- **EXERCISE**
Every line below between the one holding "Urticaria and Angioedema" and the one holding "Facelift Before &", inclusive, should be copied exactly, and no other line.

"""

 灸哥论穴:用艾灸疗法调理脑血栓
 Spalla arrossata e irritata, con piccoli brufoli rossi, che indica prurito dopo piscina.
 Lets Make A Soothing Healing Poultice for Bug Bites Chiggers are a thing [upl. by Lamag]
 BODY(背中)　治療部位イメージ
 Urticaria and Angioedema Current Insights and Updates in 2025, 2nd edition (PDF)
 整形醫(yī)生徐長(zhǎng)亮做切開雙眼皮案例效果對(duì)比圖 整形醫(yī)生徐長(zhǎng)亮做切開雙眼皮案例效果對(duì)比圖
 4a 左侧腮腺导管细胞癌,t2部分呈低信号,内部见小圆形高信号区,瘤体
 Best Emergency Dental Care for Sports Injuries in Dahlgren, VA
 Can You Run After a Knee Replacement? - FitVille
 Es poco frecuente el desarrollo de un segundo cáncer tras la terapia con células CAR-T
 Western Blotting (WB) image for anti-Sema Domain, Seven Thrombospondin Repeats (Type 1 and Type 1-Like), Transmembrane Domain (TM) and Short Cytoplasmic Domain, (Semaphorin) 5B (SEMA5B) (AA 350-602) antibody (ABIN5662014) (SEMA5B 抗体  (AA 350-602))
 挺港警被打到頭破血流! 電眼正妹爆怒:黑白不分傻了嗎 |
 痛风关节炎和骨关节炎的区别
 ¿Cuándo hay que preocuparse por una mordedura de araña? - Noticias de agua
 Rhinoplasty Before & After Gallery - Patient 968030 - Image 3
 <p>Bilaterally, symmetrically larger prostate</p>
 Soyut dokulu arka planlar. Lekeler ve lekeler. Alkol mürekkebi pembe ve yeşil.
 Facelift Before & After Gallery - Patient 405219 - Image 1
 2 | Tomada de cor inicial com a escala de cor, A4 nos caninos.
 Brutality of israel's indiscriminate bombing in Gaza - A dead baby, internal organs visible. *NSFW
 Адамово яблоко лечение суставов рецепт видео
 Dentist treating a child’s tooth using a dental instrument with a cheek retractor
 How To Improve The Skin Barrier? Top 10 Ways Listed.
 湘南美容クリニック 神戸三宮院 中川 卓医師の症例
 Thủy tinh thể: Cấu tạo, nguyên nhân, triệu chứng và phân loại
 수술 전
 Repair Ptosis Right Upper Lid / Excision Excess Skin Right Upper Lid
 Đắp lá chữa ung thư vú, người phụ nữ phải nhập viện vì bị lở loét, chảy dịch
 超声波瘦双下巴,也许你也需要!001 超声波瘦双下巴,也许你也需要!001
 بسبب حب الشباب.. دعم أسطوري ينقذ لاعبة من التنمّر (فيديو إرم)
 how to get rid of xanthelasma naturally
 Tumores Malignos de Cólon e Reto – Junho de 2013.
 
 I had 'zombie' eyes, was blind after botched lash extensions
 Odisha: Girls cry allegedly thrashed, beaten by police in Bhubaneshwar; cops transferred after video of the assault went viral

"""

- **WRITTEN SOLUTION**
 Urticaria and Angioedema Current Insights and Updates in 2025, 2nd edition (PDF)
 整形醫(yī)生徐長(zhǎng)亮做切開雙眼皮案例效果對(duì)比圖 整形醫(yī)生徐長(zhǎng)亮做切開雙眼皮案例效果對(duì)比圖
 4a 左侧腮腺导管细胞癌,t2部分呈低信号,内部见小圆形高信号区,瘤体
 Best Emergency Dental Care for Sports Injuries in Dahlgren, VA
 Can You Run After a Knee Replacement? - FitVille
 Es poco frecuente el desarrollo de un segundo cáncer tras la terapia con células CAR-T
 Western Blotting (WB) image for anti-Sema Domain, Seven Thrombospondin Repeats (Type 1 and Type 1-Like), Transmembrane Domain (TM) and Short Cytoplasmic Domain, (Semaphorin) 5B (SEMA5B) (AA 350-602) antibody (ABIN5662014) (SEMA5B 抗体  (AA 350-602))
 挺港警被打到頭破血流! 電眼正妹爆怒:黑白不分傻了嗎 |
 痛风关节炎和骨关节炎的区别
 ¿Cuándo hay que preocuparse por una mordedura de araña? - Noticias de agua
 Rhinoplasty Before & After Gallery - Patient 968030 - Image 3
 <p>Bilaterally, symmetrically larger prostate</p>
 Soyut dokulu arka planlar. Lekeler ve lekeler. Alkol mürekkebi pembe ve yeşil.
 Facelift Before & After Gallery - Patient 405219 - Image 1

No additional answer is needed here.